- Exercise -
Every line below from the one with "PEUGEOT 308 P51YH01 2023" through the one with "PASTELOVÉ FAREBNÉ GÉLY" is to be repeated exactly, with no picture among them.

- Records for the task -
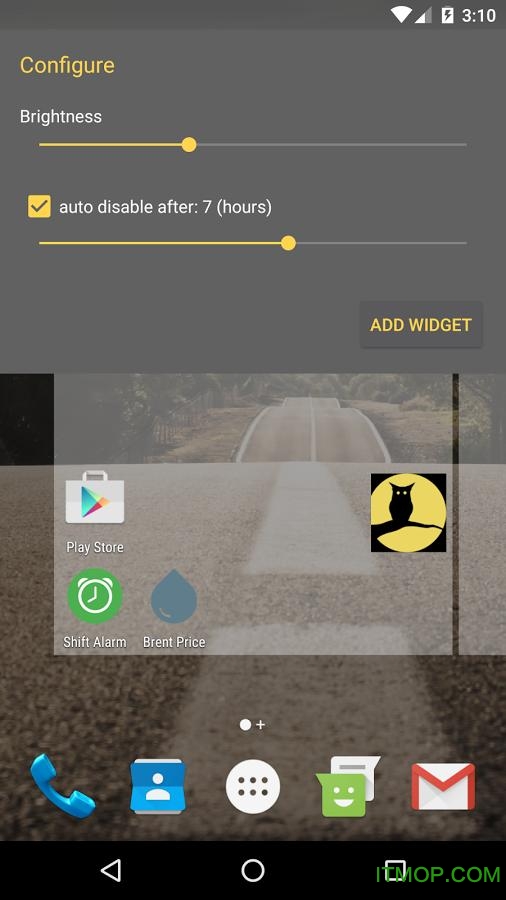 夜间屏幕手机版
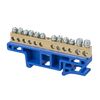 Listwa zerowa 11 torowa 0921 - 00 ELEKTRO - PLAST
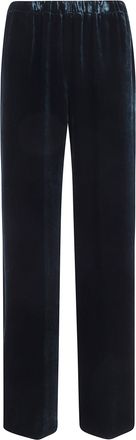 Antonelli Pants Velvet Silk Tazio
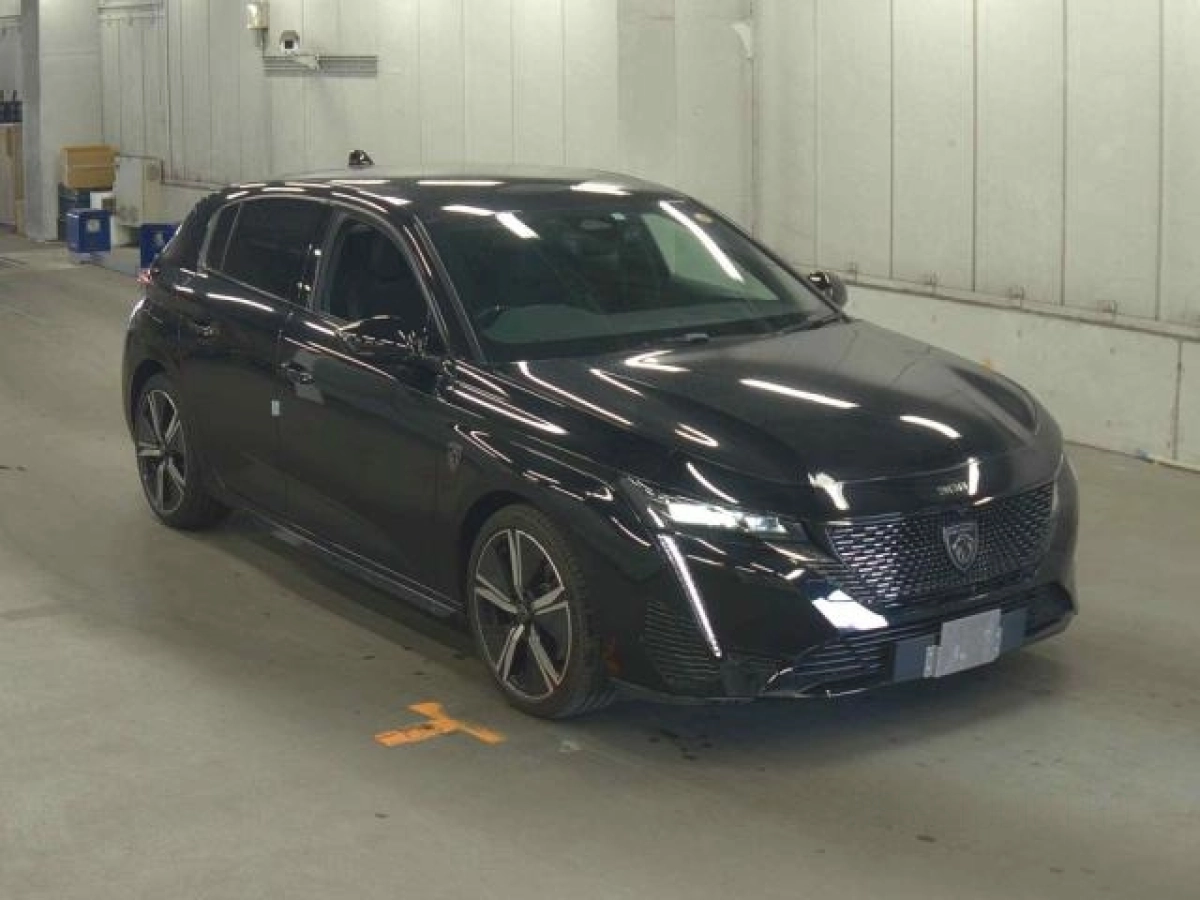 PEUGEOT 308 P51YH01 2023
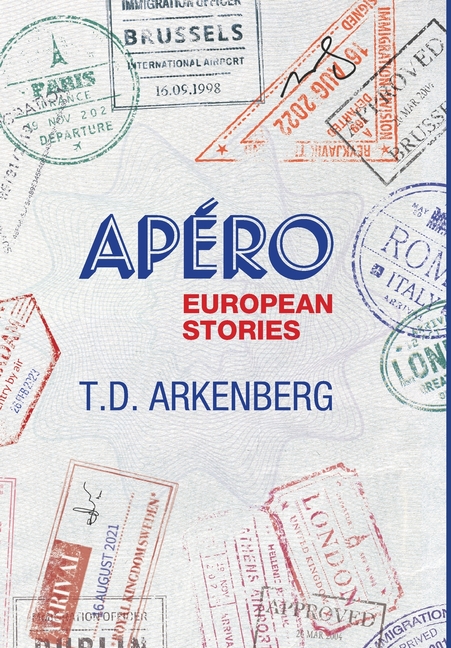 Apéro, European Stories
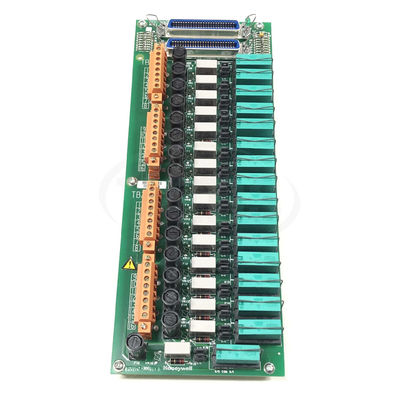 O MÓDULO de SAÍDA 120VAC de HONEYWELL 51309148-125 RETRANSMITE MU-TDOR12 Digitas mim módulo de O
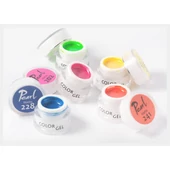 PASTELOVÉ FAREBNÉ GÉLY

---

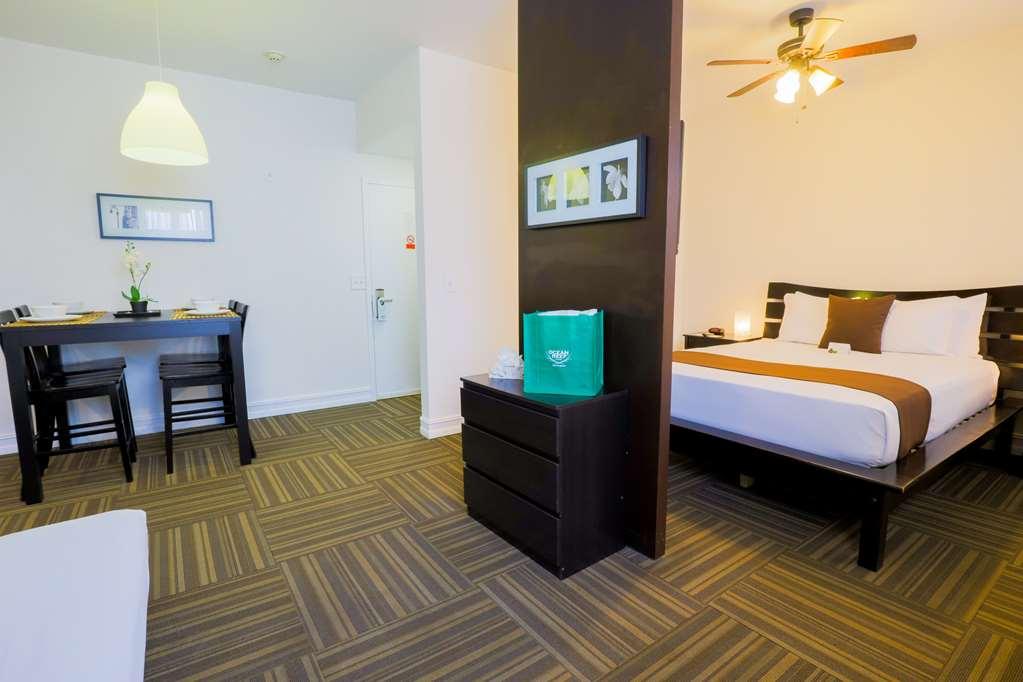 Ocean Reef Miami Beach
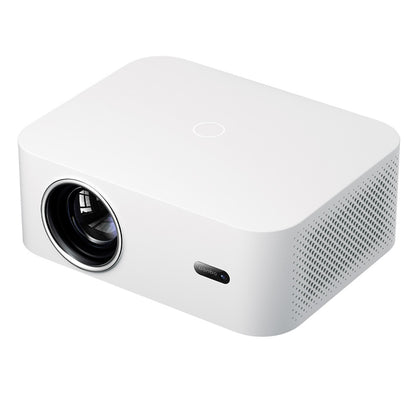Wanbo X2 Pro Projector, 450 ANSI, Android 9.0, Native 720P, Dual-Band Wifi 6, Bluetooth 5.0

==

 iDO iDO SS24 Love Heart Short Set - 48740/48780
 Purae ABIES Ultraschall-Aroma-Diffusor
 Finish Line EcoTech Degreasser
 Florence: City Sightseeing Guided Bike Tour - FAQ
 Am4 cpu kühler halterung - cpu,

- Completed task -
 PEUGEOT 308 P51YH01 2023
 Apéro, European Stories
 O MÓDULO de SAÍDA 120VAC de HONEYWELL 51309148-125 RETRANSMITE MU-TDOR12 Digitas mim módulo de O
 PASTELOVÉ FAREBNÉ GÉLY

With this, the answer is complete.